I've been dealing with a frustrating issue lately where multiple EC2 instances, around 5 or 6, have become corrupted in just a week. It started when I encountered space issues while processing large data sets, which I thought I fixed by increasing my drive size and chunking the processing tasks. However, the last few incidents happened while I was simply writing code in Python. I noticed a message saying 'SSM Agent is not online', indicating it couldn't connect to a Systems Manager endpoint. I've tried rebooting and shutting down completely, but nothing seems to work. The silver lining is that my volumes remain intact, so I can attach them to new instances. I'm using a t3.large instance with a specific Deep Learning AMI on Ubuntu 24.04. Has anyone experienced something similar?
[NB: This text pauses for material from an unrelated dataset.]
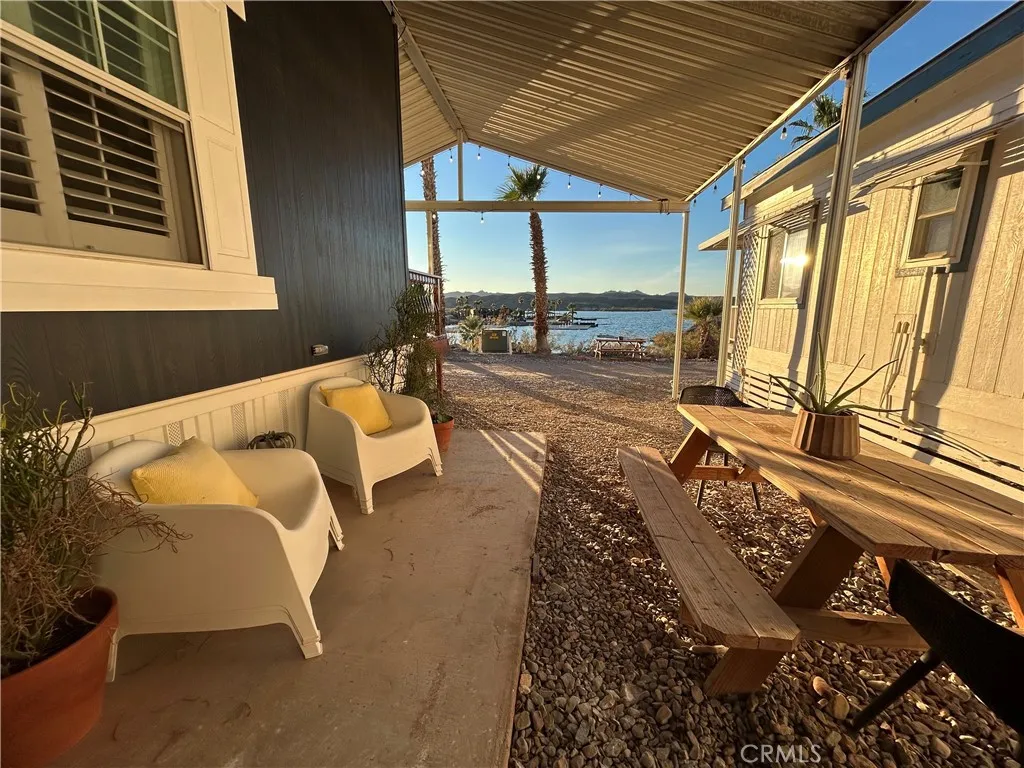 Additional image 3 of 86 Havasu Palms, Parker Dam CA, Parker, CA 92267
I'm really looking for advice since I'm wasting too much time setting up new instances instead of focusing on my work.
4 Answers
I see this kind of behavior often with instances that are out of memory. If the system runs out of available memory, it can lead to these kinds of crashes.
Considering you're on a t3 instance with a heavy workload, this could be your problem! T3 instances are great for saving money but not necessarily suited for heavy processing. They might be struggling to keep up with the demands you're placing on them.
It sounds like you might be running into resource limitations with your instances. Have you checked the resource utilization? From what you described, it seems like you could be overloading your instance and causing it to lock up during tasks.
Since you've got the EBS volumes still, you could try attaching them to a different instance to see what's going on with the data. The instance itself might be broken but not necessarily corrupted. Just remember that SSH and SSM have different networking requirements, which might also be part of the issue you're facing.

You're probably right! I noticed my last couple of instances crashed, but I wasn't doing anything particularly heavy at the time. I've managed to get back in by forcing VS Code's remote-SSH to reinstall, so I'll definitely keep an eye on my resource usage.